The good news is that there is dedicated test equipment with these capabilities – purpose-built solar array simulators (SAS). In contrast to custom-built solutions, commercial SAS solutions offer the following advantages:
- Predictable delivery
- Enhanced reliability
- Published, verifiable specifications
- Easier calibration, maintenance, and repair
Problems with using a general-purpose programmable power supply
You may consider using a standard programmable power supply to test a satellite’s power system, but there are three key reasons why this is not a good solution.
General-purpose power supplies are designed to provide stable voltage levels under changing load conditions. These power supplies are not good SAS solutions because solar panels are current sources.

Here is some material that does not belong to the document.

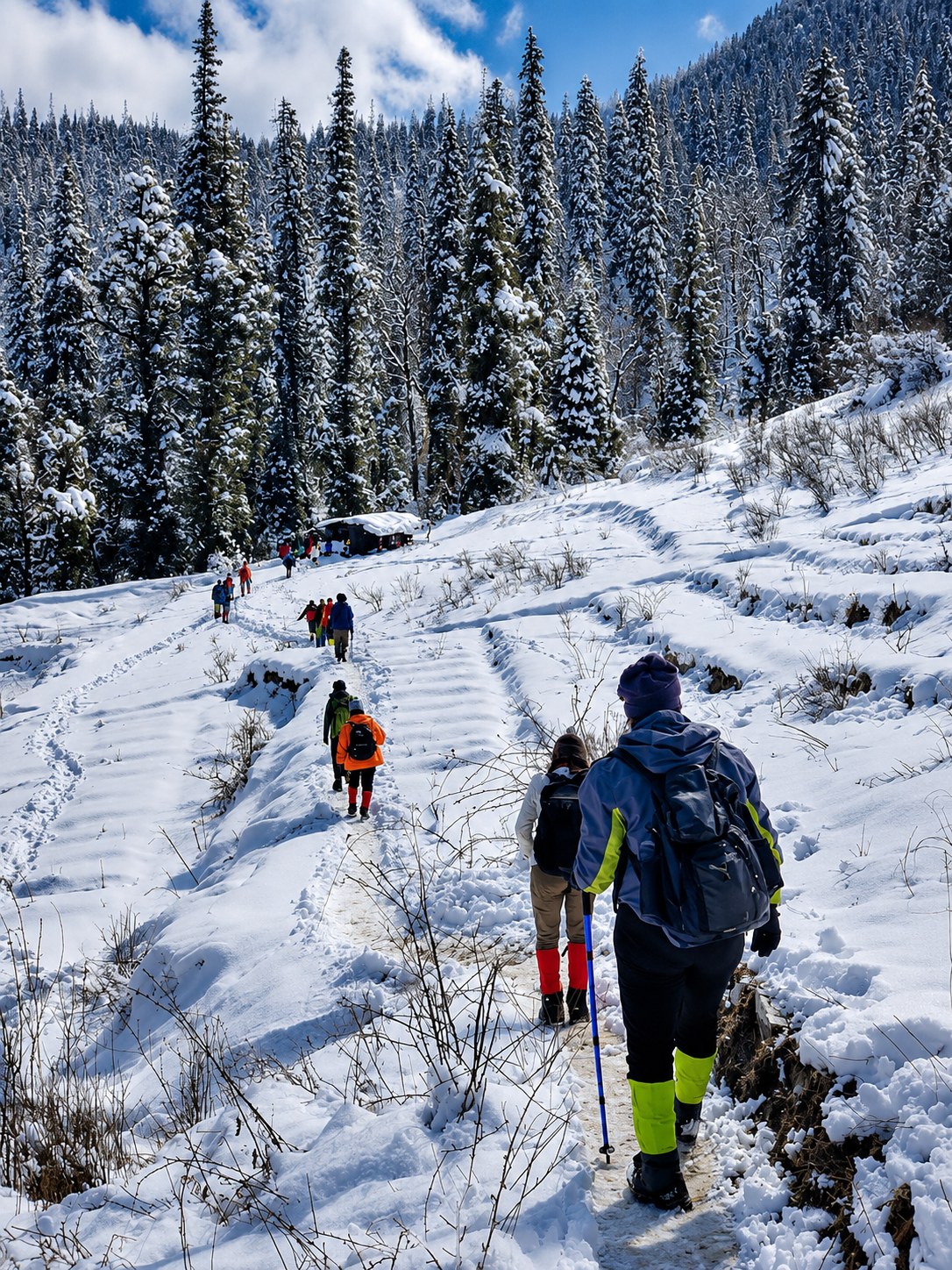 Trekkers ascending through serene snow-covered pine woods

A good SAS solution must be designed to function as a current source.
Solar output flexibility
Conventional power supplies have a rectangular operating locus and adjust voltage and current along this “curve.” In contrast, solar array panels have exponential shaped IV curves, and a SAS must be able to rapidly shift along a given curve or quickly transition to a different curve. This capability allows the SAS to accurately emulate changing irradiation levels and temperatures or the effects of spin, eclipse, and shadow.
Due to the fragile nature of satellites, conventional power supplies cannot meet the protection levels required to keep satellites from being damaged. Conventional power supplies do have built-in overvoltage protection and overcurrent protection. These basic capabilities, unfortunately, are insufficient to limit transient current spikes or protect internal components against power dissipation.

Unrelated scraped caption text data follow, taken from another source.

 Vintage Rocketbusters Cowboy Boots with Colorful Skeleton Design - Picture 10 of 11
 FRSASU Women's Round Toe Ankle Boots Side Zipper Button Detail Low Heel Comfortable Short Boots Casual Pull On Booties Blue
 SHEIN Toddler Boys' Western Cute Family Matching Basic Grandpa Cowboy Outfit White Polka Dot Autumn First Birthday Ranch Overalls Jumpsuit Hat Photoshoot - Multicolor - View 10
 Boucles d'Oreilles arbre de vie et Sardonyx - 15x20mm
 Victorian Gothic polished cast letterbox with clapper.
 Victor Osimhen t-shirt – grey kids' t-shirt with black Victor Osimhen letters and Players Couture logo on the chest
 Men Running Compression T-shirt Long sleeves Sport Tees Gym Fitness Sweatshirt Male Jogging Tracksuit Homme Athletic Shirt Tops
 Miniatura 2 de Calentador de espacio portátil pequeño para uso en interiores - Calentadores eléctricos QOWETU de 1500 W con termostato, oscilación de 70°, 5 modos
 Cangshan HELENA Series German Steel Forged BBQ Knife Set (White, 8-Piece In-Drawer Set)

Additional Requirements for an Optimal SAS Solution
In addition to the key requirements mentioned above, an optimal SAS solution must offer the following:
A wide array of output ratings
Critical specifications for a SAS solution include current, voltage, power, and shunt-switching speed. The wider the variety of choices, the easier it is to select the best combination of power levels and shunt speeds to meet the requirements of a specific satellite design.
Size and power density
Satellite arrays can be comprised of 48 PV segments or more. Therefore, SAS test equipment must have numerous outputs. This can result in SAS test systems filling up many slots in a test rack. Thus, power density is critical, especially when space is at a premium in a rack system.
A SAS is generally a component in a larger rack-based system. This makes configurability and serviceability critical considerations.
It is crucial to consider the ease of configuration for initial use. In a single-purpose system, modularity enables reuse in future systems. For multipurpose systems, dynamic reconfiguration helps ensure faster changeover. In either situation, interconnect features such as barrier-block coupled with relays simplify reconfiguration.
It should only take minutes to service instruments to limit downtime rather than hours or days. A modular SAS can help achieve this by allowing you to remove and replace individual power modules quickly. The barrier-block / relay interconnect scheme mentioned above simplifies self-test procedures by supporting rapid disconnection and reconnection.